This makes sense to me intuitively, since infinite return time if null recurrent (or transient i.e positive probability of no return) doesn't seem to be possible if there are finite states.
I found a convincing argument here, but I'm not able to prove this mathematically. Could someone please provide hints/outline for a proof?
Thanks in advance
for an algebraic proof, note that if your chain had no positive recurrent class then that means it decomposes purely into null recurrent and transient classes.
This implies $P^k\to \mathbf 0$
using the Frobenius norm for convenience, this is equivalent to
$\big\Vert P^k-\mathbf 0\big \Vert_F \lt \epsilon$
for any $\epsilon \gt 0$ for $k$ large enough.
but $P\mathbf 1 = \mathbf 1$ so $\lambda_1=1$ is an eigenvalue of $P$. Applying Schur Triangularization to $P$ we get
$1 =\lambda_1^k \leq \big\Vert P^k-\mathbf 0\big \Vert_F $
for all $k$ so $P^k\to \mathbf 0$ is impossible and $P$ must contain a positive recurrent class.

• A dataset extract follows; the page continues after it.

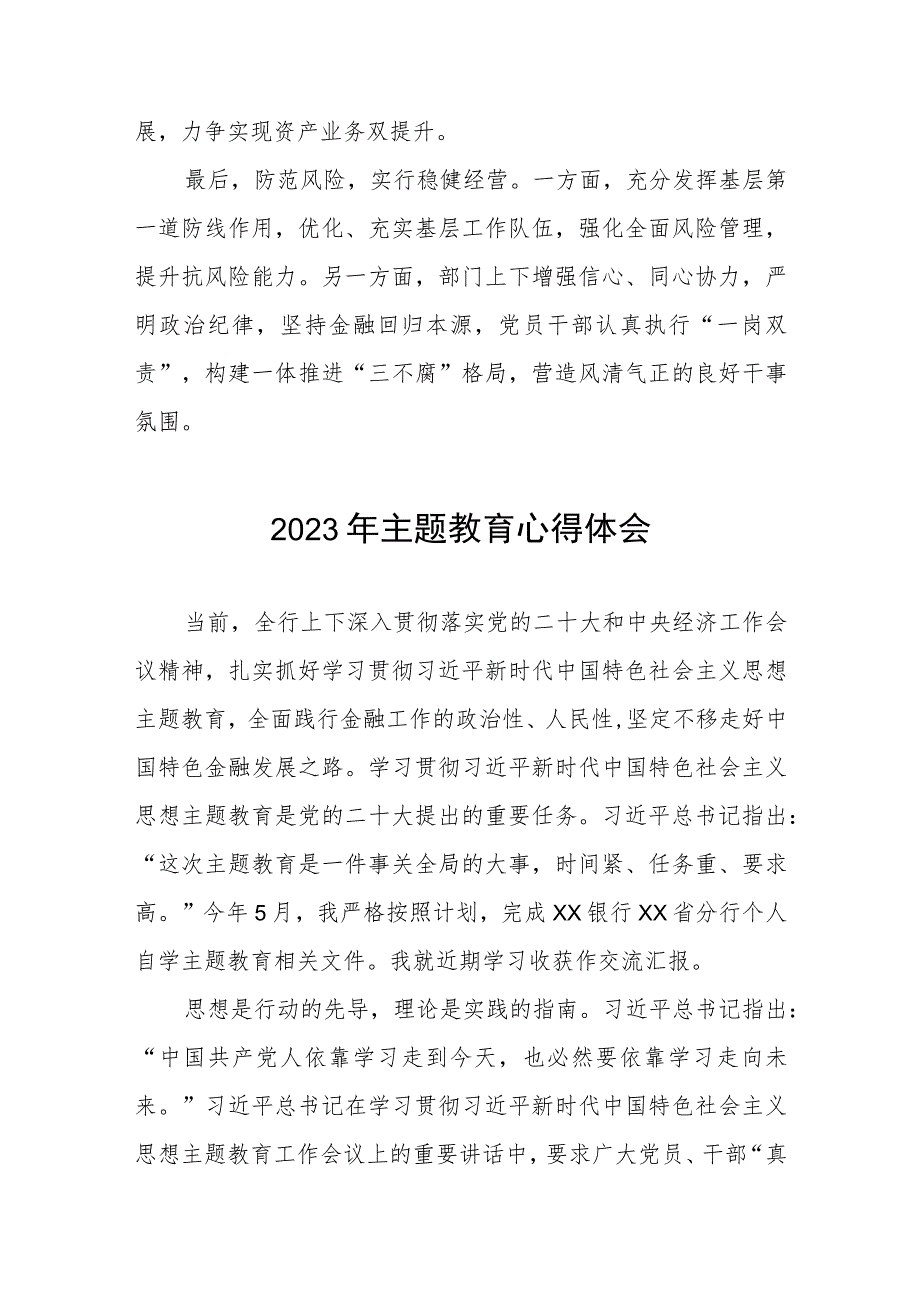 邮政储蓄银行2023年主题教育心得体会五篇.docx_第2页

wordsmithing note to OP: it isn't actually true that all finite state markov chains 'are' positive recurrent, it is true that they must contain a positive recurrent class. (To falsify the former, e.g. construct a simple absorbing state chain where absorbtion happens WP1.) Alternatively you could say that all irreducible finite state markov chains are positive recurrent.